- _TASK REQUIREMENTS_: Your job is to transcribe all the records that follow, excluding any pictures.

- _MATERIAL TO PROCESS_:
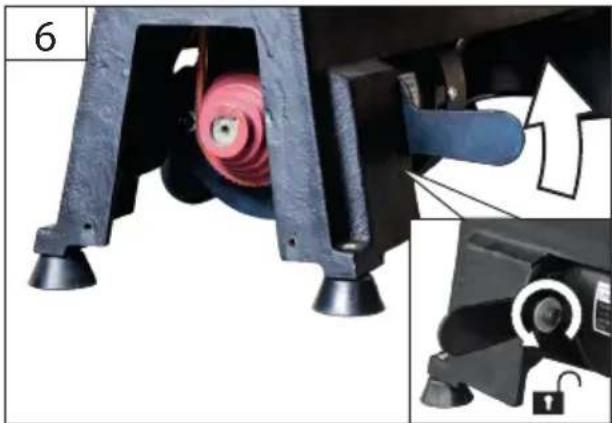 Mechanical assembly diagram showing a motor with red coil and blue handle, alongside a close-up of a lock mechanism (no text or symbols).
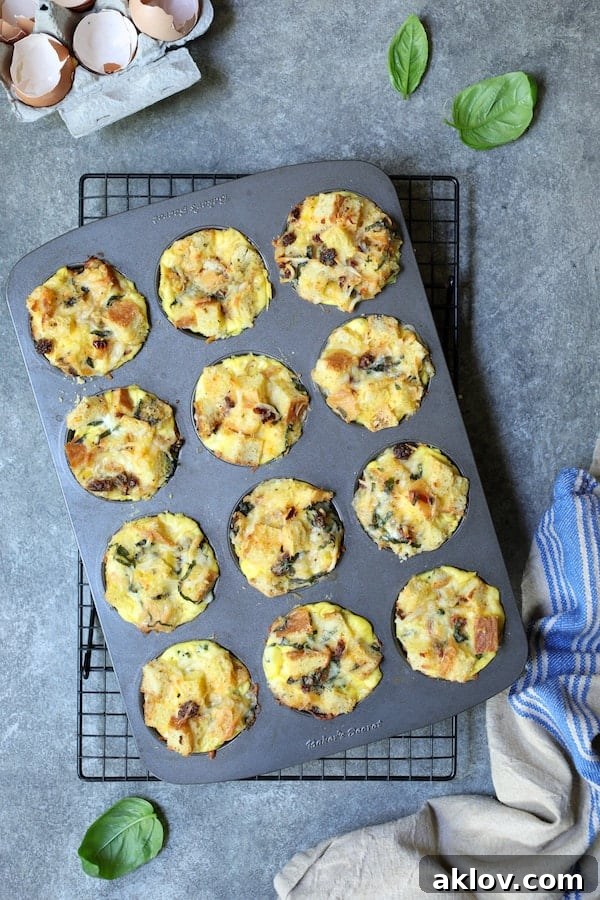Photo of Muffin Pan Stratas with Basil and Sun-Dried Tomatoes in the muffin pan, freshly baked and golden.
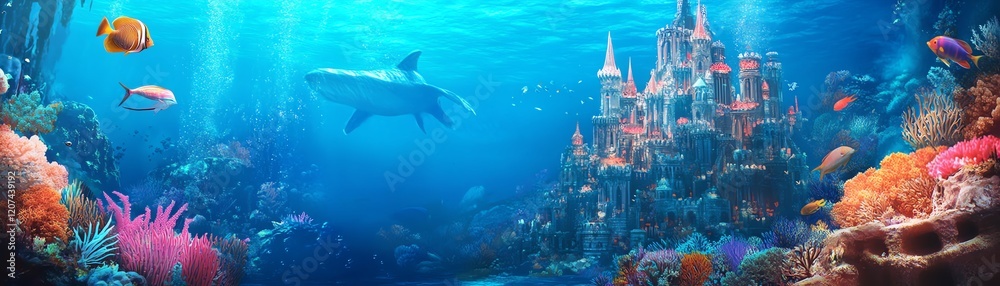 Enchanted underwater scene with a majestic castle, vibrant coral reef, playful fish, and a graceful shark. Perfect for fantasy, fairytale, and marine themes. Enchanted underwater scene with a majestic castle, vibrant coral reef, playful fish, and a graceful shark. Perfect for fantasy, fairytale, and marine themes.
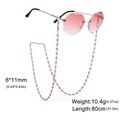 Gafas de sol sin montura rosa degradado con cadena de mariposas moradas para gafas - Mariposa Púrpura-Color Acero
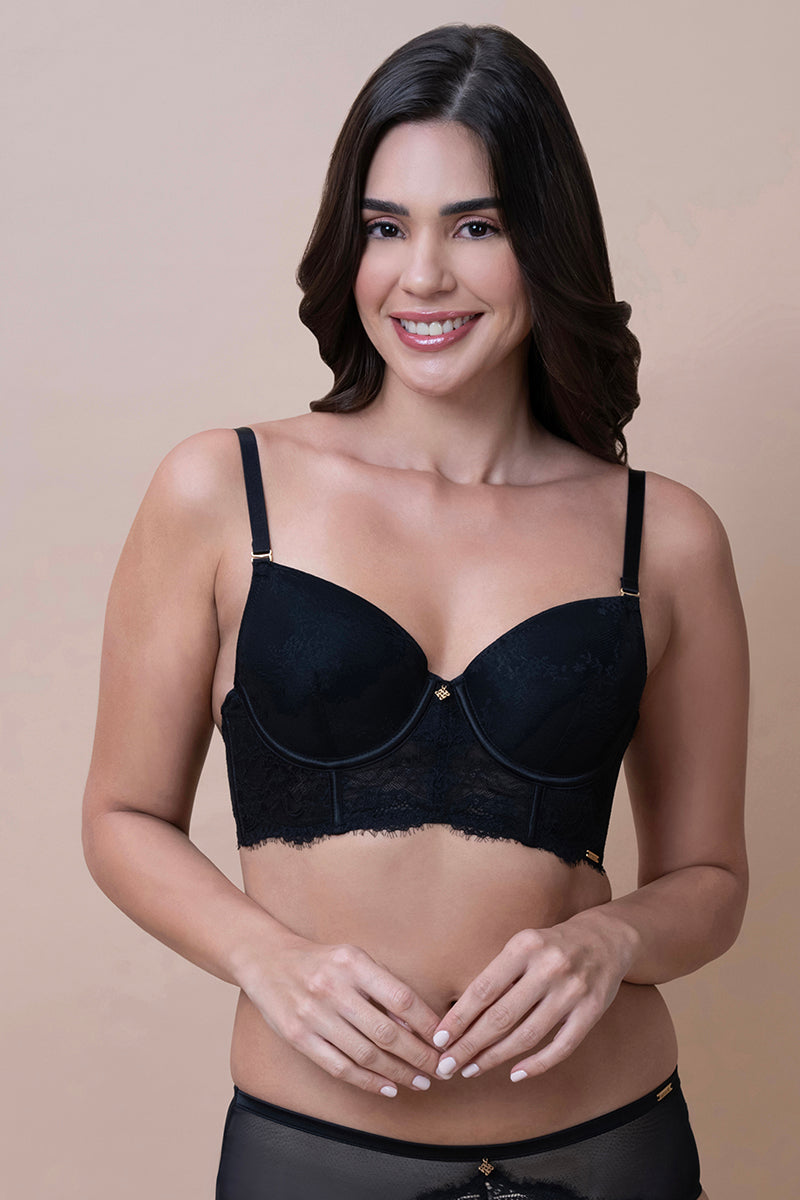 Amore Padded Wired Demi Longline Bra - Black - Image 1 of 5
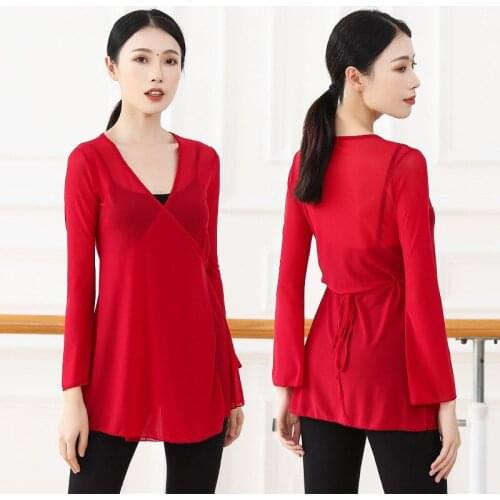 New Loose Gauze Classical Dance Clothing V Neck Long Sleeve Ballet Practice Top Cover-up String Back Mesh Blouse Plus Size 3XL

- _EXPECTED ANSWER_:
 Mechanical assembly diagram showing a motor with red coil and blue handle, alongside a close-up of a lock mechanism (no text or symbols).
Photo of Muffin Pan Stratas with Basil and Sun-Dried Tomatoes in the muffin pan, freshly baked and golden.
 Enchanted underwater scene with a majestic castle, vibrant coral reef, playful fish, and a graceful shark. Perfect for fantasy, fairytale, and marine themes. Enchanted underwater scene with a majestic castle, vibrant coral reef, playful fish, and a graceful shark. Perfect for fantasy, fairytale, and marine themes.
 Gafas de sol sin montura rosa degradado con cadena de mariposas moradas para gafas - Mariposa Púrpura-Color Acero
 Amore Padded Wired Demi Longline Bra - Black - Image 1 of 5
 New Loose Gauze Classical Dance Clothing V Neck Long Sleeve Ballet Practice Top Cover-up String Back Mesh Blouse Plus Size 3XL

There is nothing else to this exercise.